Das ist nicht die einzige Parallele zu Kafkas Dystopie. Denn bereits im Juli letzten Jahres, zu einer Zeit als der Serienbetrüger Sam Bank Fried noch Termine mit Gensler und Biden absolvierte, schickte Coinbase der SEC eine tatsächliche Bitte um „Einlass“ ins Gesetz. Auf 32 Seiten bat Coinbase die SEC um eindeutige Regeln für den Handel mit Kryptowährungen und formulierte sogar vierzig konkrete Fragen, deren Klärung Coinbase die Beantragung der SEC-Lizenz ermöglichen könnten. Die Antwort: Stille. Ganz wie das „Es ist möglich, jetzt aber nicht“ des Türhüters. Im Mai dieses Jahres versuchte Coinbase dann, die SEC vor Gericht dazu zu zwingen, auf die Bitte um Regulierung zu antworten. Darauf erwiderte die SEC, dass Regulierung ihre Zeit dauere (Jahre), es keine Eile gäbe, und in der Zwischenzeit die bestehende Regulierung durchgesetzt würde. Unklar bleibt was genau damit gemeint ist.

Die SEC handelt genau wie die pervertierte Bürokratie im „Prozess“ nur noch zum Selbstzweck und auf Basis von Regeln, die sie nur selbst ahnt, und die sie den Angeklagten selbst auf Nachfrage nicht mitteilt. Dabei hat sie aber auch noch große Teile von Politik und Öffentlichkeit auf ihrer Seite, weil sie und andere vermeintliche Verbraucherschutz-Institutionen über Jahre hinweg erfolgreich den Mythos vom Kriminellen-Geld und Schneeballsystem Krypto verbreitet haben.
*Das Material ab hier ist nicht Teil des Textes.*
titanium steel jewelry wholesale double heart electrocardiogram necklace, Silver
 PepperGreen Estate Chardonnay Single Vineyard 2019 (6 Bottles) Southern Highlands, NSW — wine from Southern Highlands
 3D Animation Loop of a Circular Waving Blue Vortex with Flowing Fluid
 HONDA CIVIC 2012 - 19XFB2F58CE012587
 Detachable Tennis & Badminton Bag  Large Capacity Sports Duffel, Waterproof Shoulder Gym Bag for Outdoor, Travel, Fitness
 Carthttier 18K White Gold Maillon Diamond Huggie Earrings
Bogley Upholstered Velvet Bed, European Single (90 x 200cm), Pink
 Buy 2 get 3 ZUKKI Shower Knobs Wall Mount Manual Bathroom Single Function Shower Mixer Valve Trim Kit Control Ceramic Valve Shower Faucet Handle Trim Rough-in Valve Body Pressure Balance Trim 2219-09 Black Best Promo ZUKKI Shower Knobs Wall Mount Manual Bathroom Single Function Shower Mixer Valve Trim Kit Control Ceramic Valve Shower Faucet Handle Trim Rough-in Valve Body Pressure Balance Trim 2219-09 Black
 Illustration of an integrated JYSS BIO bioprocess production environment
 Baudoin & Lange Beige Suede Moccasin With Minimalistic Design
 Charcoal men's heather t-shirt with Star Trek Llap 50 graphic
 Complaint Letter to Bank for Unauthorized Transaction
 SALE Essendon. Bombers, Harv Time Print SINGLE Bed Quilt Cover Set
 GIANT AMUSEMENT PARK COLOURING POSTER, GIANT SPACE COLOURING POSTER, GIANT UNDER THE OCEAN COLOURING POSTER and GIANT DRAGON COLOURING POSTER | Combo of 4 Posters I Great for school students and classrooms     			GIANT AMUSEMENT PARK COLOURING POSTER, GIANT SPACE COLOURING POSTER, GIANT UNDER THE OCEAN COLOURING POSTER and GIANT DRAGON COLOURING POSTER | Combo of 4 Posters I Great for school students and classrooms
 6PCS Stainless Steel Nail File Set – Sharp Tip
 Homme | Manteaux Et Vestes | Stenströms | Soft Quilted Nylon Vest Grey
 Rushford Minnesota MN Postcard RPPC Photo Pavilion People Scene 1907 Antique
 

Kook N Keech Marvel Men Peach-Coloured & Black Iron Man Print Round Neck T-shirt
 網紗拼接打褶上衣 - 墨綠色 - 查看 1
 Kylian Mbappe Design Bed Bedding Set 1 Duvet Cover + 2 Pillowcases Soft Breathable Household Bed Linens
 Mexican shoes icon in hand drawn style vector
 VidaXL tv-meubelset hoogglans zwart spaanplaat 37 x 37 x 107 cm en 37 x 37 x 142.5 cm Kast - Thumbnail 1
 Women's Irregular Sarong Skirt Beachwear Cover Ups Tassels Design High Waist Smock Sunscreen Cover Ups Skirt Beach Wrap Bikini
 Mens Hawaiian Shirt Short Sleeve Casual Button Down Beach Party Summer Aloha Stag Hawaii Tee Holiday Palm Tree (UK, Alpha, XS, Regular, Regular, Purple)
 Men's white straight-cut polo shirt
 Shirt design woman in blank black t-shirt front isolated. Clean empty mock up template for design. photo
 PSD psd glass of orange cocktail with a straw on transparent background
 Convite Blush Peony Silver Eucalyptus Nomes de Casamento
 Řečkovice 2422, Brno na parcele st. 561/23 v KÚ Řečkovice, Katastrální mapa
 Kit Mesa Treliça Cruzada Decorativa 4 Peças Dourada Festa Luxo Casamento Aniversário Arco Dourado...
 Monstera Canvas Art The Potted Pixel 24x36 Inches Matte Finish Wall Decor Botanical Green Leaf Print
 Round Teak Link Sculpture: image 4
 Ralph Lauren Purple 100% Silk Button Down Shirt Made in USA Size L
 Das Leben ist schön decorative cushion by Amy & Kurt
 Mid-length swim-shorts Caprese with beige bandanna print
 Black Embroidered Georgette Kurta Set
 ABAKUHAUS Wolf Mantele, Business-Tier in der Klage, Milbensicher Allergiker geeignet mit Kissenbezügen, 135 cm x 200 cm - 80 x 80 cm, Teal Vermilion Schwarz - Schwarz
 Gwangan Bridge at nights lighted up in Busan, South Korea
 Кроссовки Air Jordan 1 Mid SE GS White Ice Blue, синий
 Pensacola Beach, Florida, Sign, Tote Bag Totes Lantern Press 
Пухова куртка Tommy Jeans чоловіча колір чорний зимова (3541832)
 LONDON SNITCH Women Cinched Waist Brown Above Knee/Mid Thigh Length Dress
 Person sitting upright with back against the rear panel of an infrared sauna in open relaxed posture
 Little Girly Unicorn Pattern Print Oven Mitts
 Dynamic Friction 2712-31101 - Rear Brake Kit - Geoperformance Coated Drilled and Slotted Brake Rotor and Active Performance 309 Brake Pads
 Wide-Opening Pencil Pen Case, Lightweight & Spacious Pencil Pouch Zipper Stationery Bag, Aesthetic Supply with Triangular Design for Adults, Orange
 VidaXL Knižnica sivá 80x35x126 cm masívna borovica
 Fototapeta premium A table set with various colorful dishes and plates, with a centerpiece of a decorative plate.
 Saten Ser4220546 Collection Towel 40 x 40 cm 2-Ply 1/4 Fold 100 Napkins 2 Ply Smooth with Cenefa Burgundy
Blockchain könnte für den Staat eine riesige Chance sein

Was die SEC und die hinter ihr stehenden politischen Akteure übersehen: Eine sinnvoll regulierte Blockchain-Wirtschaft wäre eine kolossale Chance für den Staat. Einerseits lechzen Finanzunternehmen der Kryptowirtschaft geradezu nach Regulierung. Denn nur die würde es ermöglichen, Zugang zum Billionenmarkt der Renten- und Indexfonds zu erhalten. Die astronomische Menge an Kapital, die auf diesen Märkten für Investitionen in Bitcoin und Co. bereitstünde, setzt einen unschlagbaren Anreiz, sich den Regeln des Staates zu fügen. Aber Blockchain ist noch viel mehr als Krypto. Es ist das Versprechen auf minimale Transaktionskosten und maximale Transparenz. Die Blockchain könnte dabei helfen, die taumelnden demokratischen Institutionen des Westens wiederzubeleben z.B. mit einfachen und unfälschbaren Wahlen. Sie könnte Verwaltungen bürgerfreundlich machen, Gerichte entlasten und das globale Geldsystem um eine verlässliche Alternative erweitern. Doch dazu braucht diese faszinierende Technologie Einlass ins Gesetz.